As expected, the European Central Bank (ECB) maintained its key policy rates at record highs in yesterday's rate decision. However, it delivered its most unequivocal indication yet of its readiness to initiate rate cuts in the near future. Consequently, the euro depreciated to $1.07, marking its lowest point in approximately two months. Meanwhile, the yield on the 10-year German Bund remained steady at 2.45%, maintaining its proximity to its highest level in over four months, bolstered by developments in the US Treasury market.
The USD continued its upward trajectory against various currencies over the last 24 hours, fuelled by worries over ongoing inflationary pressures in the US, exacerbated by a rise in producer prices. This surge propelled the dollar index to reach a new six-month peak, mirroring the ascent of US Treasury yields. Speculation about Federal Reserve rate cuts has dwindled, while global risk sentiment has been shaken, reflected in US stock indices facing their first two-week downturn since October 2023.
Despite the UK economy slipping into a technical recession at the close of last year, investors have found encouragement in recent positive business surveys, suggesting the downturn may be brief. Indeed, UK GDP for February posted a 0.1% month-on-month increase, aligning with market expectations but at a slower pace compared to the previous month. The primary boost came from production, which surged by 1.1%, rebounding from a 0.3% decline in January. Conversely, construction contracted by 1.9%, following a 1.1% expansion. Looking at the three-month period ending in February, British GDP expanded by 0.2%.

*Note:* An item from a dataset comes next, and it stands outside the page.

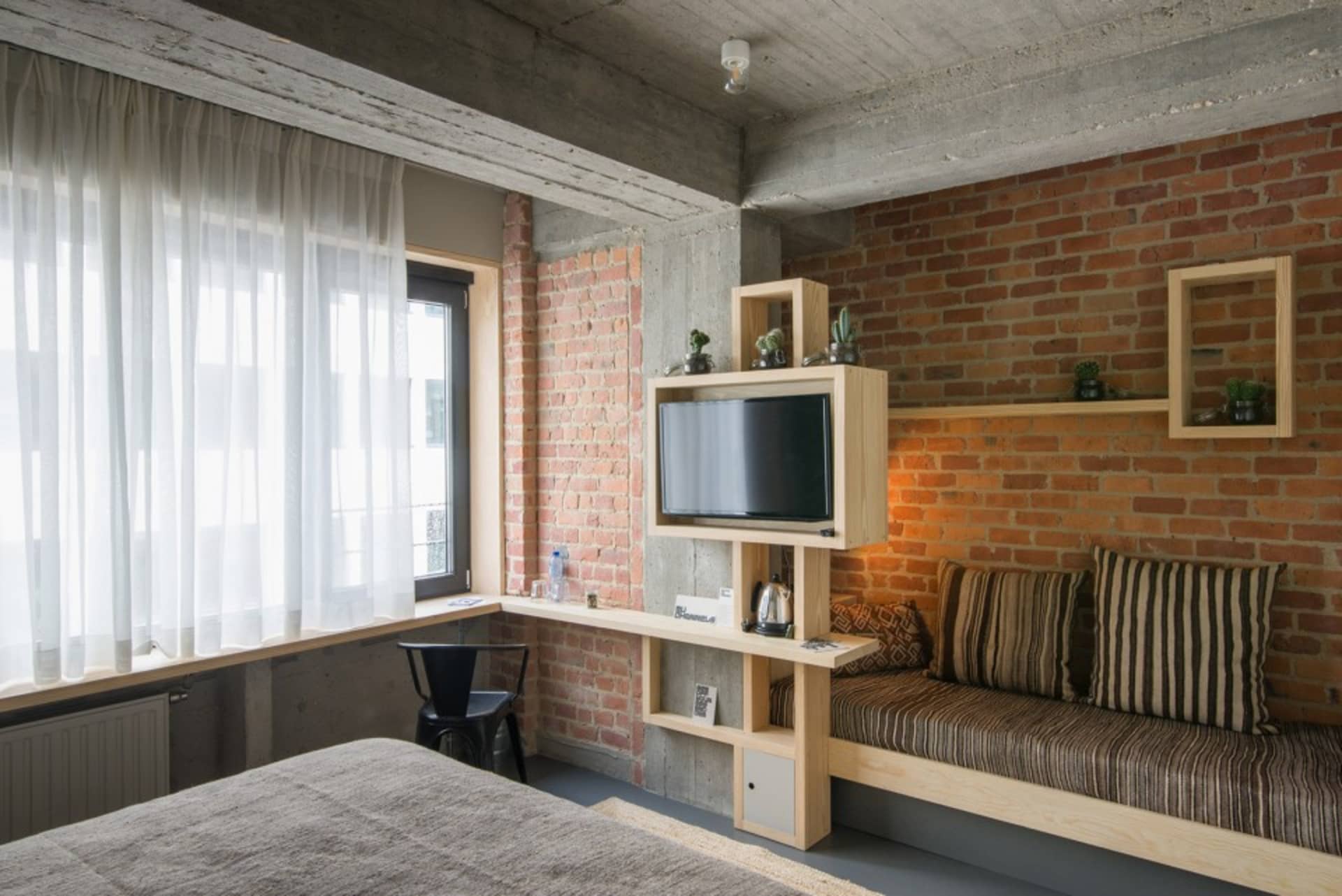 A modern industrial residential space with wooden shelves, brick walls, and concrete flooring.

GBP has maintained a relatively positive stance compared to its counterparts, showing a 1.4% increase against the EUR since the beginning of the year. This can be attributed in part to the anticipation that the ECB will implement more rate cuts than the Bank of England. However, the currency pair has exhibited minimal volatility and momentum in either direction, remaining confined within a narrow 1.2% range over the past three months . Policy and growth differentials continue to be crucial factors, and we are closely monitoring the data for any insights.